Now, a vast majority work in services and 25% in manufacturing, after jobs flowed to cheaper overseas markets. Only 4% farm or fish.

Both men and women work in nearly 70% of households.

THE ECONOMY

In 1964, Japan was the fourth-largest economy by GDP in the world, behind the United States, France and the United Kingdom. Just four years later, it was the second largest, a position it held for decades – aside from several years in the early 1970s – until China took its place.

Despite Japan’s economic strides, nominal GDP – at 30.83 trillion yen – was only 6% of what it was more than half a century later.

The yen was fixed at 360 to the dollar. Now it is around 109.5.

THE WIDER WORLD

In 1964, rigid restrictions about overseas travel, linked to foreign exchange rules, were lifted. Though travellers could only take $500 with them, 510,000 people went abroad – a number that had surged to 20.1 million by December 2019, just before the coronavirus struck.
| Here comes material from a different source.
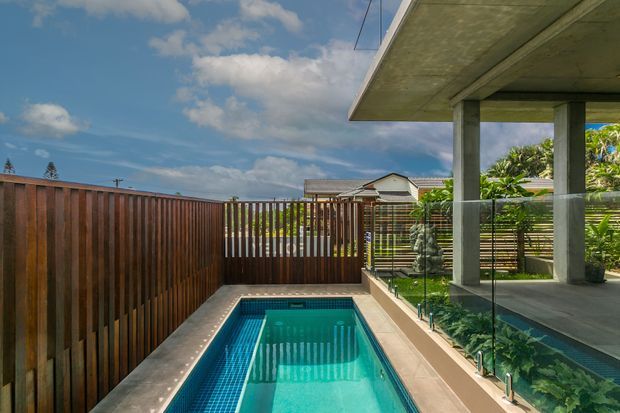 A compact rectangular swimming pool sits within a private modern courtyard, bordered by pale paving and tall vertical timber fencing. To the right is a covered concrete terrace with substantial square columns and frameless glass balustrading, with tropical planting beyond. The image has a bright coastal outdoor atmosphere and shows a neighbouring pitched-roof dwelling in the background.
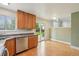 Cozy kitchen showcases wood cabinets, modern appliances, and a sliding glass door that opens to the backyard at 5262 E Sandpiper Ave, Castle Rock, CO 80104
A year later, travel had slowed to a trickle, and remains that way now.

Even with the Olympics, only 270,000 foreigners visited Japan in 1964. In 2019, there were some 31.9 million foreign visitors, their spending a major economic pillar. But numbers plummeted in 2020 to a 22-year low and have yet to recover due to coronavirus entry curbs. Foreign spectators for the Olympics have been banned.